No Brasil, estamos cientes de que o direito de greve é um poder e uma faculdade constitucionalmente fixadas. É uma chave de uso excepcional da força, quando o cumprimento do negócio trabalhista torna-se ímpio e abusivo. Assim como no direito penal admite-se a legítima defesa, como poder de autoproteção e autotutela do indivíduo, através das organizações sindicais, os trabalhadores podem proteger-se e tutelar seus direitos e interesses – claro, sempre evitando-se abusos nocivos ao todo social.

Além de todos os institutos jurídicos mencionados, podemos citar ainda o Enunciado 316 da Súmula de Jurisprudência do Supremo Tribunal Federal, que preleciona que: “A simples adesão a greve não constitui falta grave”.

Mas o Governo do Estado pensa e age diversamente – e irracionalmente. Tentando criar um meio legal de impedimento de manifestação dos servidores, ele propicia uma insatisfação sem escapatórias, causado um declínio da qualidade da prestação do serviço público e do atendimento às necessidades dos cidadãos.

O direito atual prevê claramente o direito de greve, dentro dos limites da razoabilidade, como declara o Enunciado de Orientação Jurisprudencial 38 da Seção de Dissídios Coletivos do Tribunal Superior do Trabalho:
Greve. Serviços essenciais. Garantia das necessidades inadiáveis da população usuária. Fator determinante da qualificação jurídica do movimento.

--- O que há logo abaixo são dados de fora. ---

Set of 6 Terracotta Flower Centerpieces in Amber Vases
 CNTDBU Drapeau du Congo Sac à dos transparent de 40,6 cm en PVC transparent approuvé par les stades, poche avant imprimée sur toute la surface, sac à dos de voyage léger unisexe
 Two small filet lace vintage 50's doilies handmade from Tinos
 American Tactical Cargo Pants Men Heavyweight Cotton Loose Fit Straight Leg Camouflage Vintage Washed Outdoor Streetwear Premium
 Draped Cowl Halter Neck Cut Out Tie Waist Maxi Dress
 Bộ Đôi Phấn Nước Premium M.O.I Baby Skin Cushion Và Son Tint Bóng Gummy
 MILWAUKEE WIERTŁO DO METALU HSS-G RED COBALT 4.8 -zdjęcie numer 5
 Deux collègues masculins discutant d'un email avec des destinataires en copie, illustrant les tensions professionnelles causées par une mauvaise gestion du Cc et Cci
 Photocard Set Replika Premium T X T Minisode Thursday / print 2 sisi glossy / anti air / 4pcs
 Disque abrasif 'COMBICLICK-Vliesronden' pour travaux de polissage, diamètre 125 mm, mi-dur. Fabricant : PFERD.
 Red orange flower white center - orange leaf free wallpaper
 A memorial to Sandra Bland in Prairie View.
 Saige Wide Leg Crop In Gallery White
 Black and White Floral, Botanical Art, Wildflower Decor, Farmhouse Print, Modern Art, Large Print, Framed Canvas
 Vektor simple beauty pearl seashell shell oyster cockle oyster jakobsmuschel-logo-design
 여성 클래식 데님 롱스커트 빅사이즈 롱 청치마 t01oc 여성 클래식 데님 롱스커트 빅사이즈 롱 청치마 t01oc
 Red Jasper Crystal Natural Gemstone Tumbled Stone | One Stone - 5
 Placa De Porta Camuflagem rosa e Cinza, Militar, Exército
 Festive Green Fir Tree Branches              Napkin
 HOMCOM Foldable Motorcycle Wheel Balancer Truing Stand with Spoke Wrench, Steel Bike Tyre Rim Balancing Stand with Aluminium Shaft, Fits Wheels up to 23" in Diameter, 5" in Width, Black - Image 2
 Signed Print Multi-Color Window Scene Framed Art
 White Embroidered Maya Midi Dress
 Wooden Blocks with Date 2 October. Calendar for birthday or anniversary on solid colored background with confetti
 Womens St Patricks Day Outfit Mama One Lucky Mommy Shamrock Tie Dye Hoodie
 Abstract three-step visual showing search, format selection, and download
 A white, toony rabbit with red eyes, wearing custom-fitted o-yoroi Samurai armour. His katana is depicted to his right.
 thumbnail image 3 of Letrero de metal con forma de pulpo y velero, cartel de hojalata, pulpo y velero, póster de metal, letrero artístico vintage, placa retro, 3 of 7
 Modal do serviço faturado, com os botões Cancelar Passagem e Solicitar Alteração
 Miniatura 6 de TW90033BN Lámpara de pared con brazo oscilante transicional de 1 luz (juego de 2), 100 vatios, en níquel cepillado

É abusiva a greve que se realiza em setores que a lei define como sendo essenciais à comunidade, se não é assegurado o atendimento básico das necessidades inadiáveis dos usuários do serviço, na forma prevista na Lei n.º 7.783/1989.

Assim, a proibição feita pelo Governo do Estado através de seu decreto, é ilegal e inconstitucional, além de imoral.